The number of query parameters can be retrieved by calling the ''count()'' method:
$params = Uri\Rfc3986\UriQueryParams::parseRfc3986("foo=bar&baz=qux&baz=quux");
echo $params->count(); // 3
There are also a number of methods that can return a query parameter or an array of query parameters:
* ''getFirst()'': Retrieves the first parameter with the given name. This actually implements the [[https://url.spec.whatwg.org/#dom-urlsearchparams-get|get() method]] from the WHATWG URL specification.
* ''getLast()'': Retrieves the last parameter with the given name. It's a custom, PHP-specific method which doesn't have a WHATWG URL equivalent.

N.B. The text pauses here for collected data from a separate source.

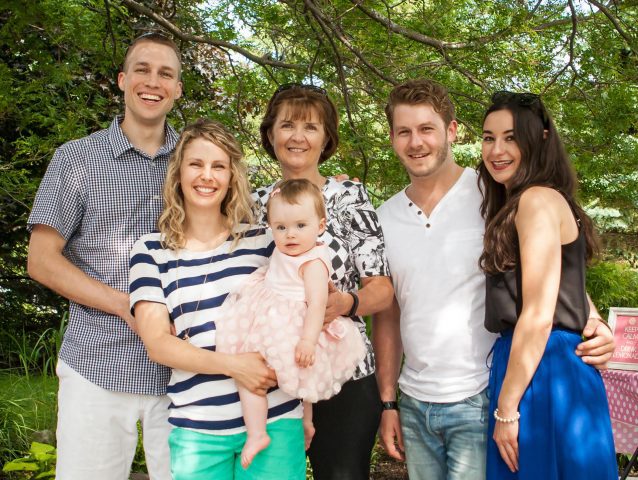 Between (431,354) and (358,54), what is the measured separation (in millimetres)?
2243

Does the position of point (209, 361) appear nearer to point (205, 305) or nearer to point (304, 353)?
point (205, 305)

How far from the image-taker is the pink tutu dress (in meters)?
2.18

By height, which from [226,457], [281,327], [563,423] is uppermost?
[281,327]

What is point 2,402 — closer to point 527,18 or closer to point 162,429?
point 162,429

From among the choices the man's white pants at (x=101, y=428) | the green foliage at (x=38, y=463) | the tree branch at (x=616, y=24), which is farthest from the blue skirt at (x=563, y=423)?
the green foliage at (x=38, y=463)

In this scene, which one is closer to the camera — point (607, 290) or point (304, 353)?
point (304, 353)

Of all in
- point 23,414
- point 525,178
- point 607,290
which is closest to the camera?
point 525,178

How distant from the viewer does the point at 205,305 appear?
2217mm

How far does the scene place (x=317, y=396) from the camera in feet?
7.23

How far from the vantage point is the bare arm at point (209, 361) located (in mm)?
2121

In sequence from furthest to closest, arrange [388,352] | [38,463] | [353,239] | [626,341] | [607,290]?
1. [607,290]
2. [38,463]
3. [626,341]
4. [388,352]
5. [353,239]

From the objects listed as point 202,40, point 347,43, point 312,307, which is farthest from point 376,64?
point 312,307

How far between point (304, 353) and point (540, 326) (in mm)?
755

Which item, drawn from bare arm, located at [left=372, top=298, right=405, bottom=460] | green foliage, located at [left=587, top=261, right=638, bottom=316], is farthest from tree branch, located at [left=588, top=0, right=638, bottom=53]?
green foliage, located at [left=587, top=261, right=638, bottom=316]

* ''getAll()'': Retrieves all parameters with the given name. This actually implements the [[https://url.spec.whatwg.org/#dom-urlsearchparams-getall|getAll() method]] from the WHATWG URL specification.

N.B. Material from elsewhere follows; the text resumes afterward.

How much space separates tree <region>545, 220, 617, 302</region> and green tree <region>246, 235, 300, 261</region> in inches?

* ''list()'': Retrieves all query parameters. It's also a custom, PHP-specific method which doesn't have a WHATWG URL equivalent.
$params = Uri\Rfc3986\UriQueryParams::parseRfc3986("foo=bar&foo=baz&qux=quux");
echo $params->getFirst("foo"); // bar
echo $params->getFirst("non-existent"); // null
echo $params->getLast("foo"); // baz
echo $params->getLast("non-existent"); // null
echo $params->getAll("foo"); // ["bar", "baz"]

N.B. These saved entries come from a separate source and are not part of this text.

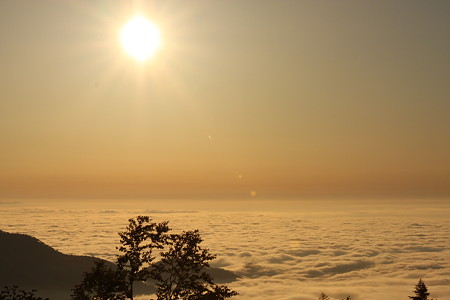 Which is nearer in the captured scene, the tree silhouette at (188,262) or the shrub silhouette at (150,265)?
the shrub silhouette at (150,265)

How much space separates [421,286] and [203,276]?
49.3m

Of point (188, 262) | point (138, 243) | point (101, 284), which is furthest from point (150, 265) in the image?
point (101, 284)

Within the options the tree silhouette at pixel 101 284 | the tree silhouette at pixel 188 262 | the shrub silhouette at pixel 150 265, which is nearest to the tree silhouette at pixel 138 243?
the shrub silhouette at pixel 150 265

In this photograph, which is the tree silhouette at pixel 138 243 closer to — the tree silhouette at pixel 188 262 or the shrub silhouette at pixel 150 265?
the shrub silhouette at pixel 150 265

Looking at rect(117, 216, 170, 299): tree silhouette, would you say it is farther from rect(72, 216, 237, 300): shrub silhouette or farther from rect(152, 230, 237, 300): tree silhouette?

echo $params->getAll("non-existent"); // []
echo $params->list(); // [["foo", "bar"], ["foo", "baz"], ["qux", "quux"]]
All these methods return the natively stored values without applying any transformations. That is, percent-encoding or decoding neither happens in the input, nor in the output.
$params = Uri\Rfc3986\UriQueryParams::parseRfc3986("foo%5B%5D=b%61r"); // Internally stored as "foo[]=bar"
echo $params->getFirst("foo%5B%5D"); // null
echo $params->getFirst("foo[]"); // bar
echo $params->getLast("foo%5B%5D"); // null
echo $params->getLast("foo[]"); // bar
echo $params->getAll("foo%5B%5D"); // []
echo $params->getAll("foo[]"); // ["bar"]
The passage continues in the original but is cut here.